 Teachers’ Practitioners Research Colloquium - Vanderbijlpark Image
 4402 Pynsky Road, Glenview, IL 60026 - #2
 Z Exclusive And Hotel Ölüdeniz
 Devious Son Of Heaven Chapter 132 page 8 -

= = = =

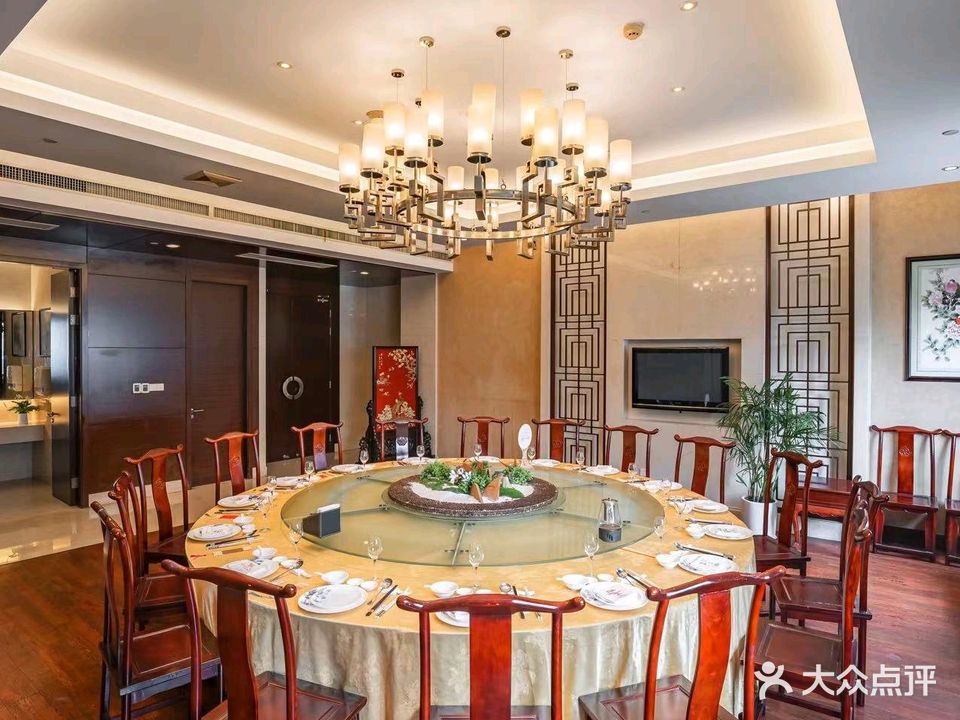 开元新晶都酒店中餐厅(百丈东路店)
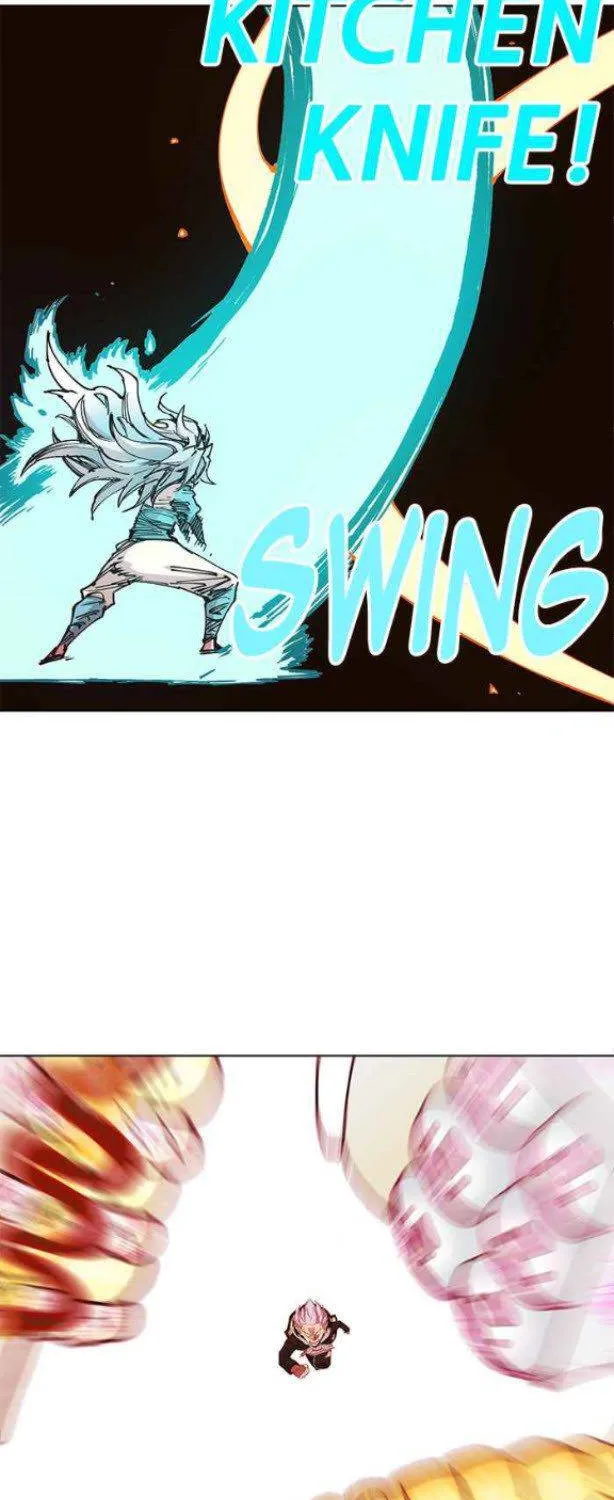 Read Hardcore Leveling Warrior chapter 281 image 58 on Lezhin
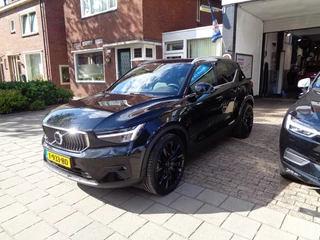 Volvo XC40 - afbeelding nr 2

= = = =

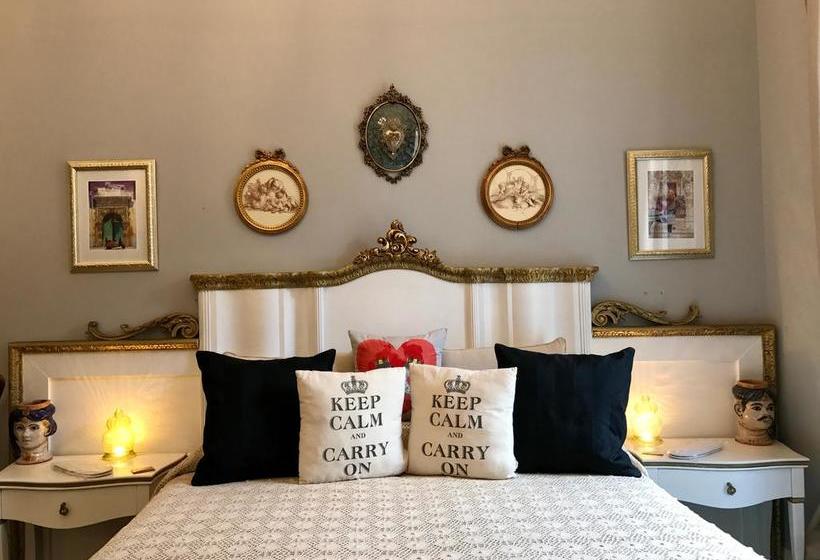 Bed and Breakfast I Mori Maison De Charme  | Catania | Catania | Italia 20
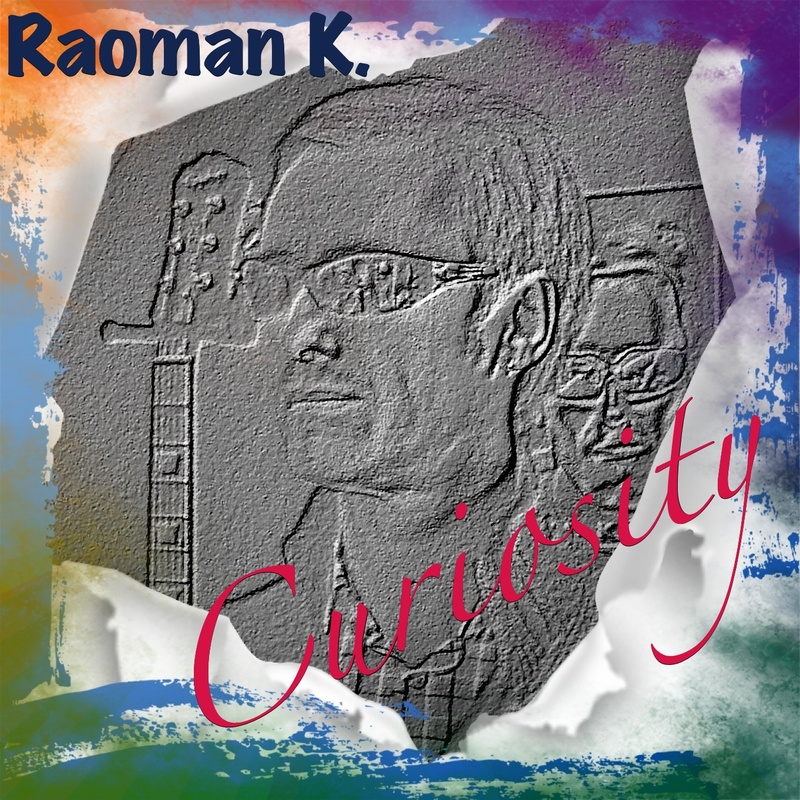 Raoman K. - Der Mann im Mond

= = = =

• _Work task_
Look above for the line holding "Teachers’ Practitioners Research" and the line holding "Devious Son Of". Retype both, and every line between them, word for word and nothing else.

• _Expected output_
 Teachers’ Practitioners Research Colloquium - Vanderbijlpark Image
 4402 Pynsky Road, Glenview, IL 60026 - #2
 Z Exclusive And Hotel Ölüdeniz
 Devious Son Of Heaven Chapter 132 page 8 -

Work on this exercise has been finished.